No Endotamponade for Macular Hole Repair: the NEMAR Study

The No Endotamponade for Macular Hole Repair (NEMAR) Study: An International Multi-center Randomized Controlled Trial Comparing Macular Hole Closure Using Internal Limiting Membrane Flap Without Endotamponade Versus Conventional Surgery

Status
Recruiting
Phase
N/A
Study type
Interventional
Enrollment
180 (estimated)
Sponsor
Chinese University of Hong Kong · Academic / Other
Sex
All
Age
18 Years
Healthy volunteers
Not accepted

Summary

Full-thickness macular hole (MH) is a common sight threatening macular condition with a prevalence of 3.3 per 1000 individuals. Prompt surgical repair of MH is imperative in preventing irreversible vision loss from MH as the majority of patients would experience progressive loss of central vision, often resulting in visual acuity (VA) of 20/200 or worse and the spontaneous closure rate is less than 10%. Pars plana vitrectomy (PPV) with internal limiting membrane (ILM) peeling (with or without ILM flap) and gas tamponade, herein referred to as conventional surgery, is the current standard-of-care surgical technique in repairing MH. Recently, a novel surgical technique that omits the need of gas tamponade to repair MH has been proposed, early results from retrospective studies were encouraging.

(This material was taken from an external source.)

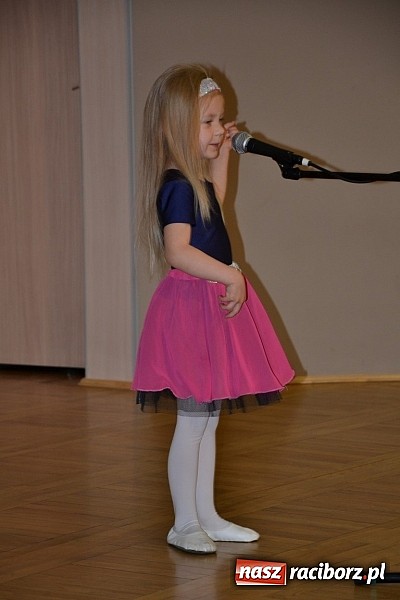 Zdjęcie w galerii na portalu naszraciborz.pl: Młode talenty na scenie w Tworkowie wiadomości z regionu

The purpose of this prospective international multi-centre randomised controlled study is to compare the efficacy and safety of two surgical techniques in treating MH: 1. Conventional surgery: PPV with ILM peeling and gas or silicone oil tamponade 2. ILM flap with no gas tamponade surgery: PPV with ILM flap with no gas tamponade

Detailed description

MH is a common macular condition that requires prompt surgical intervention to prevent irreversible vision loss. Conventional surgical repair of MH involves PPV, ILM peeling and gas tamponade followed by post-operative face down posturing. The use of gas tamponade, however, is associated with impairment of vision in the early post-operative period and restriction of air travel. Moreover, fluorinated ophthalmic gases are potent green house gases that contribute to global warming. Recently, a novel surgical technique to repair MH without endotamponade has been proposed, termed the ILM flap with no gas tamponade technique. There is currently no published randomised controlled trial comparing the efficacy and safety of MH repair using conventional surgical technique and the ILM flap with no gas tamponade technique. Patients with confirmed full thickness MH on optical coherence tomography will be screened and invited to join the study. Written informed consent will be obtained. Baseline screening will be performed. Recruited study participants will be randomly allocated to one of the two study groups: 1. Conventional surgery: Participants will undergo PPV, ILM peeling and gas tamponade to repair the MH. They would be instructed to adopt a face down posture for at least 5 days post-operatively. 2. ILM flap with no gas tamponade surgery: Participants will undergo PPV, ILM flap. No gas tampons would be required and there would be no restriction on post-operative posturing. Participants will be instructed to attend post-operative follow up visits to undergo routine clinical examination, visual acuity checking and retinal imaging performed.

Conditions

Interventions

TypeNameDescription
PROCEDUREConventional surgeryPars plana vitrectomy (PPV) with temporal internal limiting membrane (ILM) flap would be performed. Perfluorocarbon liquid (PFCL) or viscoelastic may be used as an adjunct. Air/Fluid exchange would be performed at the end of surgery, further exchange of air with 8-14% octafluoropropane (C3F8) would be performed based on operating surgeon's discretion. In cases a temporal ILM flap could not be created, an ILM flap would be created from other quadrants, for example, a nasal ILM would be created instead. Patients with visually significant cataract may undergo concomitant phacoemulsification and intraocular lens implantation or deferred to post-operative month 6-12. Patients would be instructed to adopt a face-down posturing in the first 5 days following operation.
PROCEDUREILM flap with no gas tamponadePars plana vitrectomy with temporal internal limiting membrane (ILM) flap would be performed. The ILM flap would be stabilised over the macular hole using perfluorocarbon liquid (PFCL) followed by sub-PFCL dispersive viscoelastic injection. The PFCL would be removed towards the end of surgery. In cases a temporal ILM flap could not be created, an ILM flap would be created from other quadrants, for example, a nasal ILM would be created instead. Concomitant phacoemulsification and intraocular lens implantation would be performed in patients with visually significant cataract or deferred to post-operative month 6-12. Patients will be instructed to avoid excessive movement and adopt a face forward/ supine position for first 24 hours. Afterwards, there would be no restriction on post-operative posturing.

Timeline

Start date
2025-09-16
Primary completion
2027-12-31
Completion
2027-12-31
First posted
2025-04-03
Last updated
2025-09-30

Locations

3 sites across 3 countries: Hong Kong, Poland, Taiwan

Source: ClinicalTrials.gov record NCT06908824. Inclusion in this directory is not an endorsement.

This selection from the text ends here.